### Goal of the exercise
Find "Ritratto della contessa" below and begin at its line; stop after the line with "BMW 530 530d 258ks М Пакет - изображение 2". Output those lines exactly, without pictures.

### Available data
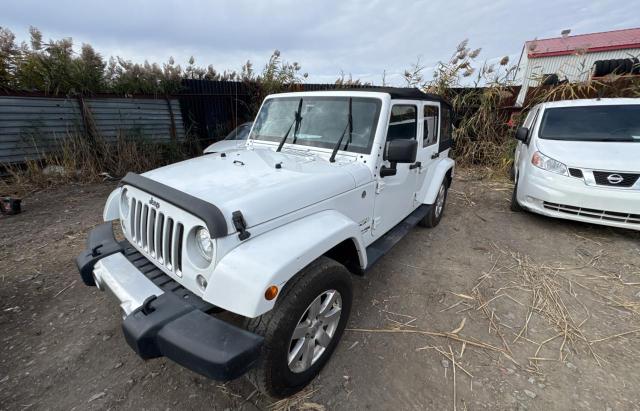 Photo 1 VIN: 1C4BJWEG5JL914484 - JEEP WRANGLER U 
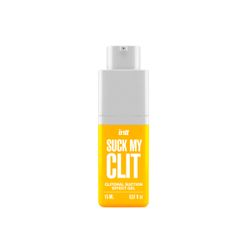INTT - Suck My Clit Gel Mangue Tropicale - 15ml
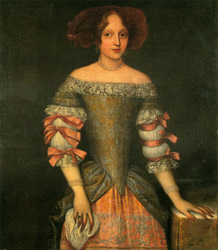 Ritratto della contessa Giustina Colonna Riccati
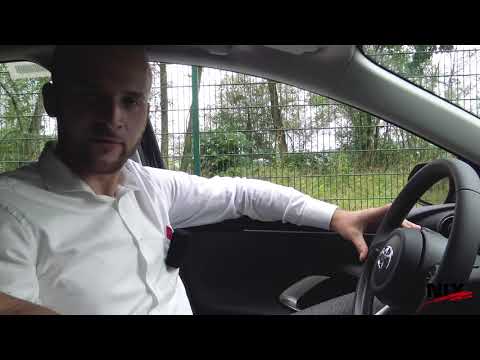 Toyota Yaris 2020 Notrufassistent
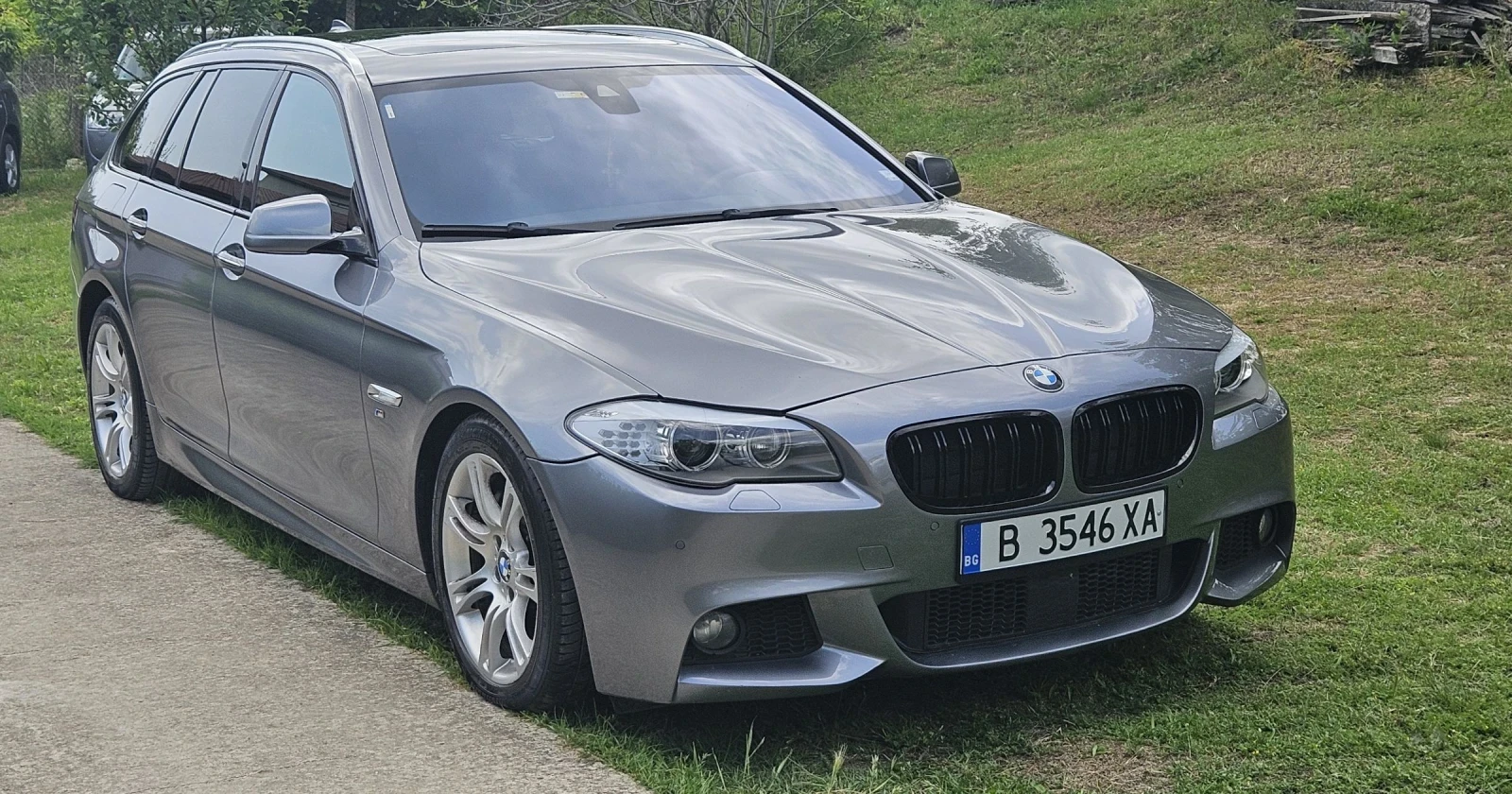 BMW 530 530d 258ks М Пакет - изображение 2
==
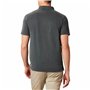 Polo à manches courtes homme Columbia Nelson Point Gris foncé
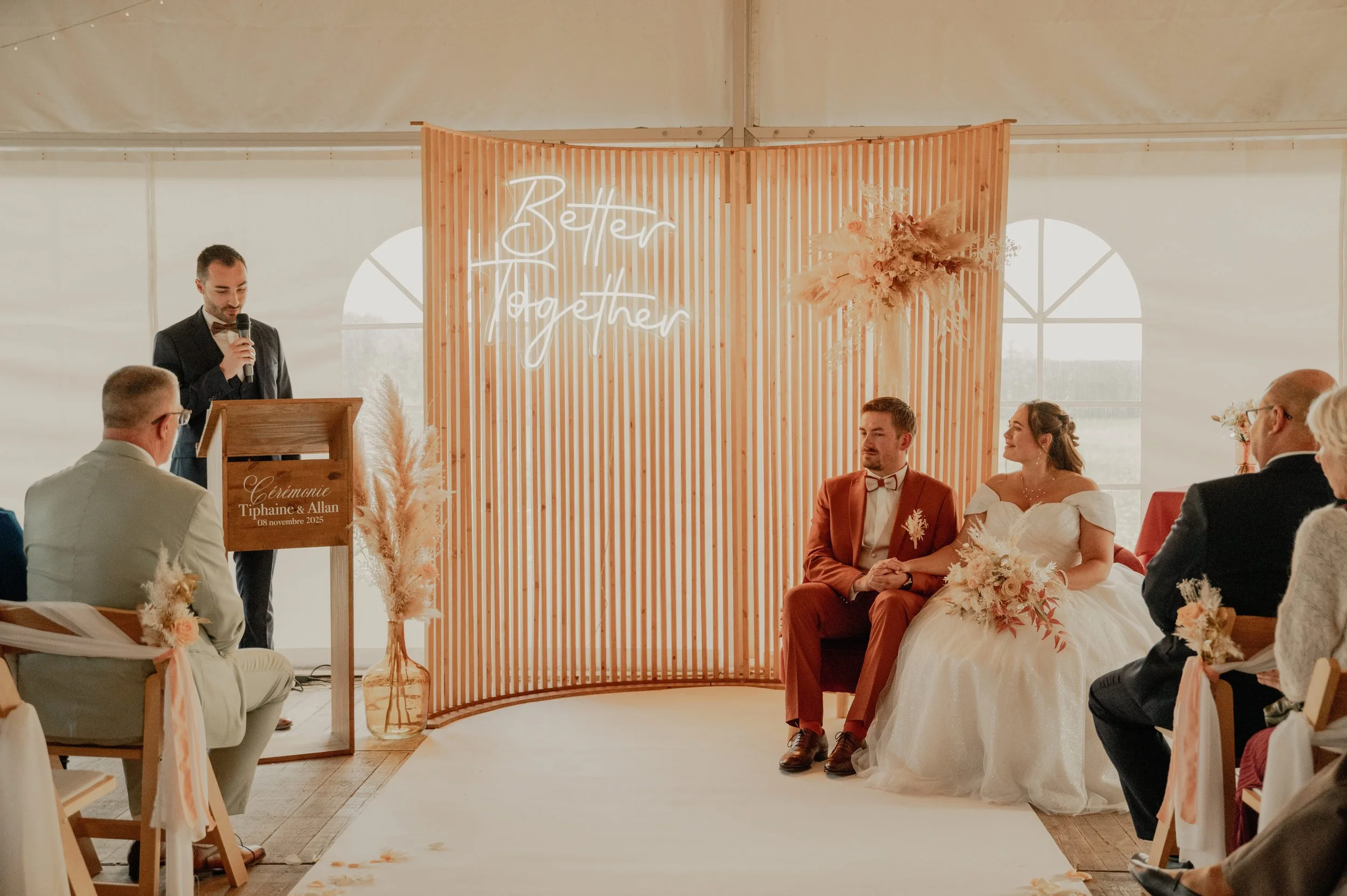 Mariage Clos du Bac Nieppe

### Solution to this exercise
 Ritratto della contessa Giustina Colonna Riccati
 Toyota Yaris 2020 Notrufassistent
 BMW 530 530d 258ks М Пакет - изображение 2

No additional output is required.